27 de novembro de 2010

Violencia no Brasil

Mata-se mais negro que branco
 



LEIA AMANHÃ
Mãe Railda vai contar a sua iniciação no candomblé desde que, recém-nascida, tomou banho com o ouro das joias de uma africana
Fotos: Carlos Moura/CB/D.A Press - Arte: FCLopes/CB/D.A Press

Ivan* , 19 anos, cumpre medida socioeducativa no Caje
Na capital da qualidade de vida, da utopia e do poder, matam-se seis vezes mais pretos e pardos do que brancos. No macabro ranking do número de negros vítimas de homicídio no país, o Distrito Federal está em quinto lugar, atrás de Pernambuco, do Espírito Santo, de Alagoas e do Rio de Janeiro. No ranking de brancos, o DF cai para 11º lugar. Os dados constam do Mapa da Violência 2010, elaborado pelo Instituto Sangari a partir do Sistema de Informações de Mortalidade do Ministério da Saúde. A metodologia usada para a definição de cor é a declarada na Certidão de Óbito. A categoria negro é a soma dos que se declaram pretos com os que se declaram pardos. Em 2007, houve 801 homicídios no Distrito Federal, dos quais 687 vítimas eram negras e 114 brancas.
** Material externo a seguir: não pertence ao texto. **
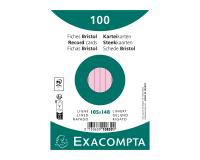 Fichas de cartulina bristol 205 g/m2 - Rayado - 105x148 mm - Rosa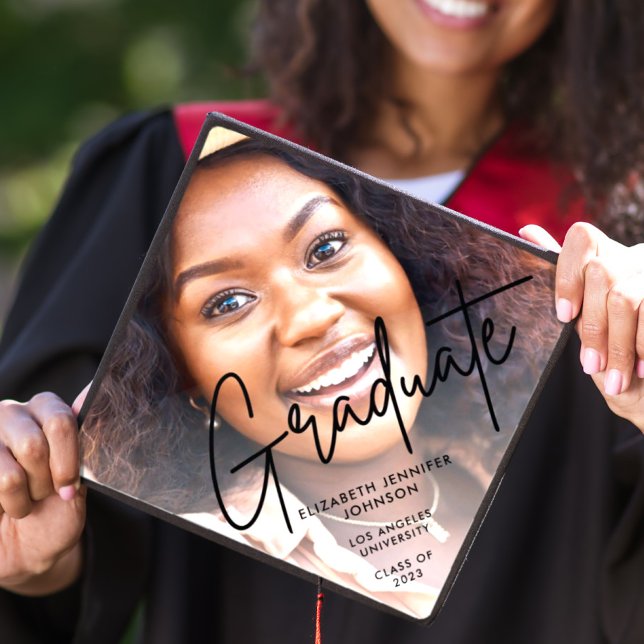 Modern photo script custom personalized graduation cap topper (Creator Uploaded)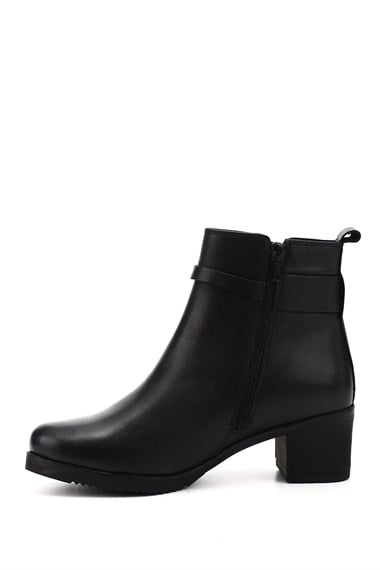 Kadın Siyah Fermuarlı Kalın Topuklu Hakiki Deri Bot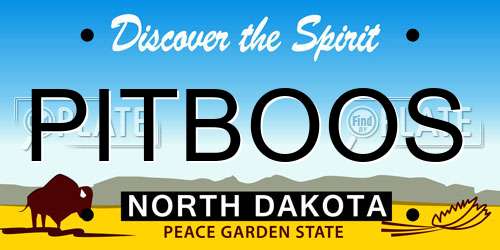 PITBOOS North Dakota License Plate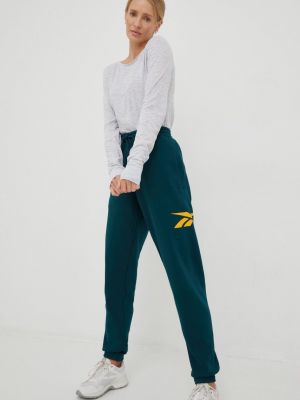 Spodnie sportowe z nadrukiem Reebok Classic zielone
É o dado mais recente usado pelo Sangari. Números de 2002 e 2004 demonstram que não houve mudança significativa na cor da pele de quem é assassinado em Brasília. Mas, na média brasileira, observa-se uma queda no número absoluto de homicídios na população branca e de aumento na população negra , registra o Mapa da Violência. Enquanto se registrou uma queda de 24% no número de vítimas de pele alva, o número de vítimas de pele escura aumentou 12%.
O mapa reafirma a convicção de que a violência não está diretamente associada à pobreza, como se costuma acreditar. Comprovamos que não é assim , diz o diretor de pesquisa e avaliação do Instituto Sangari, Julio Jacobo Waiselfisz.
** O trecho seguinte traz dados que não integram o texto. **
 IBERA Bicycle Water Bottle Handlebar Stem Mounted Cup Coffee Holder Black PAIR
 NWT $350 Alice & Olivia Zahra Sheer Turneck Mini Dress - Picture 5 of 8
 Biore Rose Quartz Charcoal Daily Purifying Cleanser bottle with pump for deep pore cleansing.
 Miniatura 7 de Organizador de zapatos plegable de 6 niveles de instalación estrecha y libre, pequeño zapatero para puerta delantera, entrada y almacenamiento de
Os estados mais pobres não são os mais violentos. Mas os de maior concentração de renda, sim. O que ajuda a explicar o lugar do Distrito Federal no ranking de homicídio. Brasília tem uma esquisita convivência de riqueza e pobreza e uma segregação espacial que não acontece em outros estados , diz Jacobo. É surpreendente, porque a capital do país deveria ser exemplo de equalização de oportunidades.
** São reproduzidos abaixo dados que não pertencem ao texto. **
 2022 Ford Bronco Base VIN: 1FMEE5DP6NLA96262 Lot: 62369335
Foi para ter chance na vida que Ivan* veio para Brasília aos 9 anos. Menos de dois anos depois, estava praticando furtos e roubos. Há um ano e meio, ele matou um comparsa dentro de uma igreja pentecostal em São Sebastião. Ivan cobrava do cúmplice a sua parte num assalto e como não recebeu o dinheiro o perseguiu até que o colega entrou numa porta aberta e foi morto durante o culto.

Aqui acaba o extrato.